Three things to watch. Orbital propellant transfer: the Starship lander cannot reach the Moon without it, and it has never been demonstrated. The Gateway station: proposed for cancellation in NASA's 2026 budget process, its fate shapes every mission after Artemis V. And budgets generally: NASA's FY2026 appropriation landed at 24.44 billion dollars, but SLS and Orion's long-term future beyond the early missions remains an open debate in Washington.

Frequently asked questions

When will humans land on the Moon again?

Under the plan as of mid-2026, Artemis IV in 2028 is the first crewed landing, at the lunar south pole. Artemis III in 2027 stays in Earth orbit to test lander dockings.

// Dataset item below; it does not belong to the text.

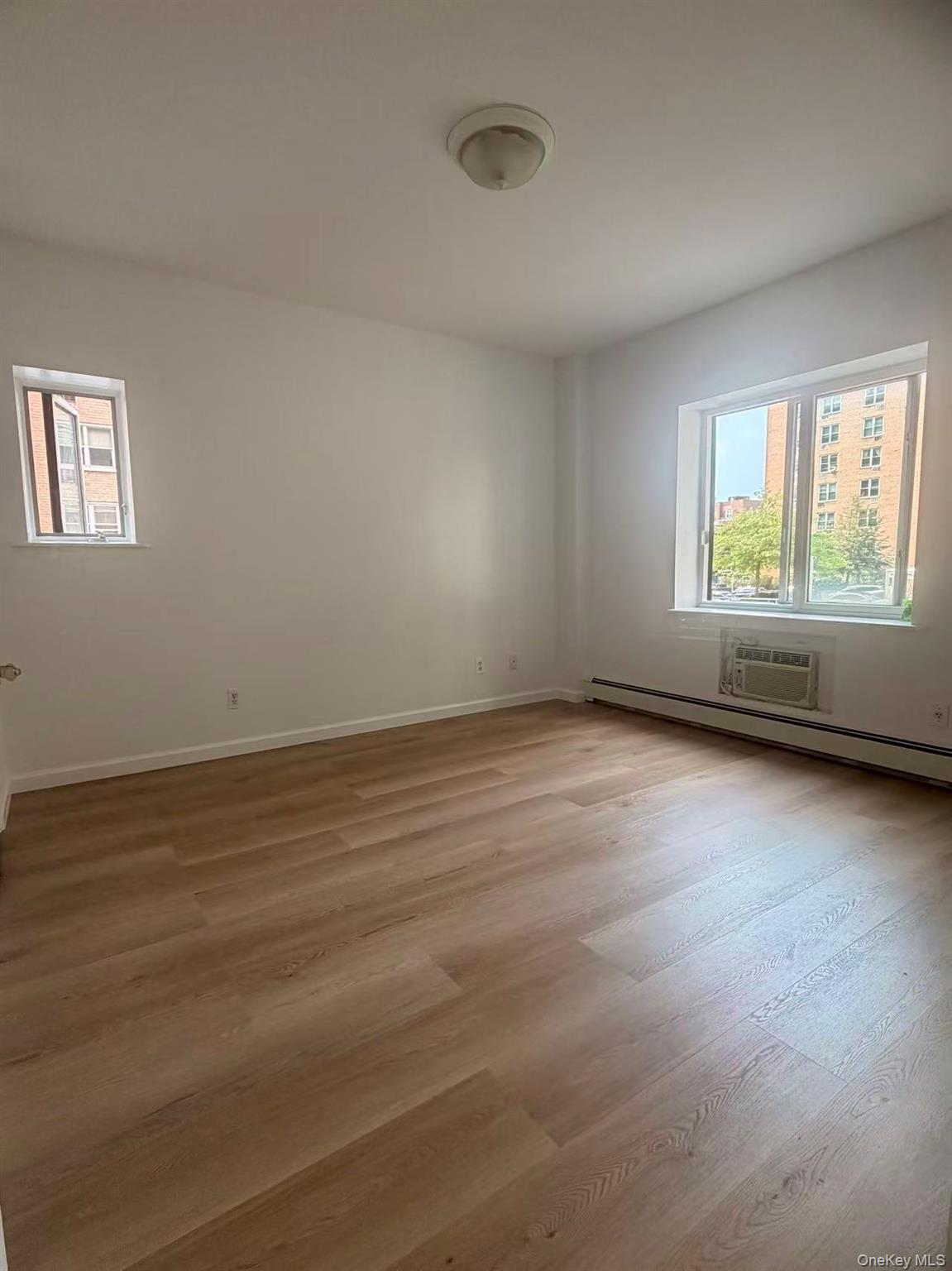 4231 Colden Street R1h Property Photo 4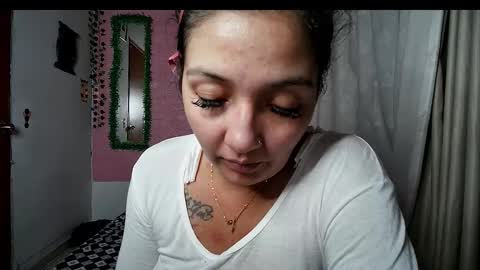 Snapshot of sexy_lolas chatting on September 27, 1:54 am sexy lolas online show from September 27, 1:54 am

How is Artemis different from Apollo?

Apollo was a race with disposable hardware and equatorial landing sites; Artemis targets the resource-rich south pole with commercial, partially reusable landers and international partners, aiming for a sustained presence. See the full Apollo vs Artemis comparison.

Why does the lander need refueling in orbit?

The Starship lander is so large that it launches with nearly empty tanks and must be filled by tanker flights in Earth orbit before heading to the Moon. Cryogenic propellant transfer at this scale is unproven, which makes it the program's biggest technical risk.

Who pays for all this?

NASA funds Artemis within a roughly 24 billion dollar annual budget, buying landers and cargo delivery as fixed-price commercial services while owning SLS and Orion outright. International partners contribute hardware, like Orion's European service module, in exchange for crew seats.